Hi ! I am doing a POC for a datawarehouse consisti...
# integration-dbt
t
Hi ! I am doing a POC for a datawarehouse consisting of python scripts for data ingestion, dbt for transformations and dagster for orchestration. I have imported my dbt models into dagster using template code: # Import all dbt models @dbt_assets(manifest=dbt_manifest_path) def All_dbt_assets(context: AssetExecutionContext, dbt: DbtCliResource): yield from dbt.cli(["build"], context=context).stream() I would like to create a "define_asset_job" which takes my python scripts (decorrated with @asset) as well as a small selection of my dbt models. How do i achieve this? Basically I want my dbt model, and its source dependecies, to run downstream from my python scripts. Is my setup wrong or am i missing the obvious? :)
s
Hi Thomas, you've got a couple of options: • you can specify what assets you want to materialise within the job explicitly • you can specify a particular asset, then indicate whether you want upstream/downstream dependencies of that to run (see here - https://docs.dagster.io/concepts/assets/asset-selection-syntax#selecting-downstream-dependencies) In order to do that, you need to know what asset keys you're interested in, presumably your code is running and you can see the assets in the UI. In the example in my screenshot, the asset key is behind the orange boxes lets say its: •
keypart1 / keypart2
You can specify this in an asset job by doing
Copy code
job_def = define_asset_job("myjobname",
                           selection=["keypart1/keypart2"])

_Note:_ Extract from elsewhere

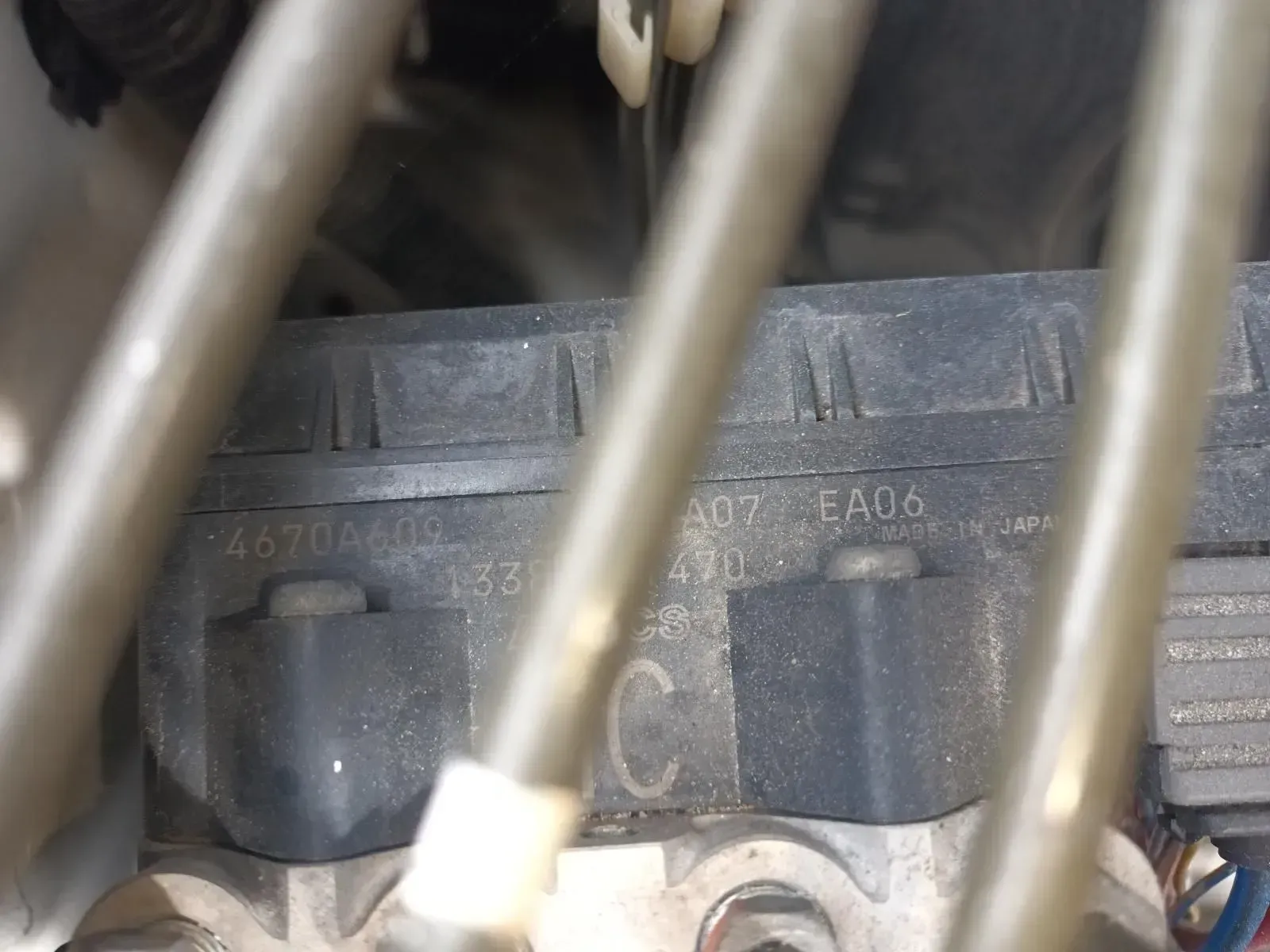 Black Car Part With Numbers and Wires — South West 4WD Wreckers In Brisbane, QLD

That'll create a job with that asset selected. You can then tweak that selection as appropriate
t
Thanks Steven, this is basically what I needed. Still having some issues with my asset jobs though.. I created a asset job for a set of dbt models. But i would like to specify an upstream dependency from my dbt source to my python script (which loads data and therefore should be materialized before my dbt models)
s
try this - https://docs.dagster.io/integrations/dbt/reference#upstream-dependencies now that you know your asset keys, you can specify the asset key in the dbt
sources.yml